7.     Arbitration. Any dispute between the parties to this Letter Agreement in connection with, arising out of or asserting breach of this Agreement, or any statutory or common law claim by you relating to the subject matter hereof, shall be exclusively resolved by binding statutory arbitration. Such dispute shall be submitted to arbitration in the city of Fort Lauderdale, County of Broward, state of Florida, before a panel of three neutral arbitrators in accordance with the Commercial Rules of the American Arbitration Association then in effect, and the arbitration determination resulting from any such submission shall be final and binding upon the parties hereto. Judgment upon any arbitration award may be entered in any court of competent jurisdiction.

8.     Notices. All notices required or permitted to be given hereunder shall be in writing and shall be personally delivered by courier, sent by registered or certified mail, return receipt requested or sent by confirmed facsimile transmission addressed as set forth herein.
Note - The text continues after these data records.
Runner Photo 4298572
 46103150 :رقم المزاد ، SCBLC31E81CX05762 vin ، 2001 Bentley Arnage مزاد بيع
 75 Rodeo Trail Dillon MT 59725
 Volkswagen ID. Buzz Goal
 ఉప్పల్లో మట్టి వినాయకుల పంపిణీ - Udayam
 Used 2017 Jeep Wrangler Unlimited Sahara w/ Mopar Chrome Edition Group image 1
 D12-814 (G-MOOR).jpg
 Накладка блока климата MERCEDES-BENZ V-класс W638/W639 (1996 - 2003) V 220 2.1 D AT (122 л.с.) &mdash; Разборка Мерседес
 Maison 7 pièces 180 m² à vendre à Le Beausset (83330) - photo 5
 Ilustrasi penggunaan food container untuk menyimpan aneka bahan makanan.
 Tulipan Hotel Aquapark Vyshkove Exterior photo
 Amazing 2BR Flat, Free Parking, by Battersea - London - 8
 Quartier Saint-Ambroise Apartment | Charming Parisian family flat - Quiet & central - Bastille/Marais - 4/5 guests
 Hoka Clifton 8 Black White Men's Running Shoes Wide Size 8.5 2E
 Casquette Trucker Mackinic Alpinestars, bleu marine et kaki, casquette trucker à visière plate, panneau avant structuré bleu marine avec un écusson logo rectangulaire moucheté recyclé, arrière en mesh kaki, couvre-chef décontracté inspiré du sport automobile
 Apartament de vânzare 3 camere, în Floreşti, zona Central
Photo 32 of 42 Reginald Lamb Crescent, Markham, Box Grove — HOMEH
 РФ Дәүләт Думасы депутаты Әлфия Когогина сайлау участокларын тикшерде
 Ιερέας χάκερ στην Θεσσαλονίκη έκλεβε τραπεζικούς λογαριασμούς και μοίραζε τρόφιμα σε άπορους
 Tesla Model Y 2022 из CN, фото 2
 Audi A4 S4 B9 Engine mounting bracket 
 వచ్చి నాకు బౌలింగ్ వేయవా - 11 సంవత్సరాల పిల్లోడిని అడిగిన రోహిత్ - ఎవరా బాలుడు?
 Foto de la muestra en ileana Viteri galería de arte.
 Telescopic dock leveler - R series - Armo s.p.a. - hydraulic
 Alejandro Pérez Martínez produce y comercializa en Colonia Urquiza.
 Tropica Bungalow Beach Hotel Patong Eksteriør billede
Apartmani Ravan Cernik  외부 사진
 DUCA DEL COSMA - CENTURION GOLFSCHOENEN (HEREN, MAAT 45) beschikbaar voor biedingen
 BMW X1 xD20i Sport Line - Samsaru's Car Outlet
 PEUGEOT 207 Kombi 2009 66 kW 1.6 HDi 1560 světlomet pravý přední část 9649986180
Notices personally delivered, sent by facsimile or sent by overnight courier shall be deemed given on the date of delivery and notices mailed in accordance with the foregoing shall be deemed given upon the earlier of receipt by the addressee, as evidenced by the return receipt thereof, or three (3) days after deposit in the U.S. mail. Notice shall be sent (i) if to Company, addressed to Corporate Secretary at Quorum Business Center, Deerfield Beach, Florida 33442 with a copy to Sader & LeMaire, P.A., 1901 West Cypress Creek Road, Suite 415, Fort Lauderdale, Florida 33309, Attention: Robert L. Sader, Esquire, and (ii) if to You, to your address as reflected on the payroll records of LaPolla, or to such other address as either party hereto may from time to time give notice of to the other.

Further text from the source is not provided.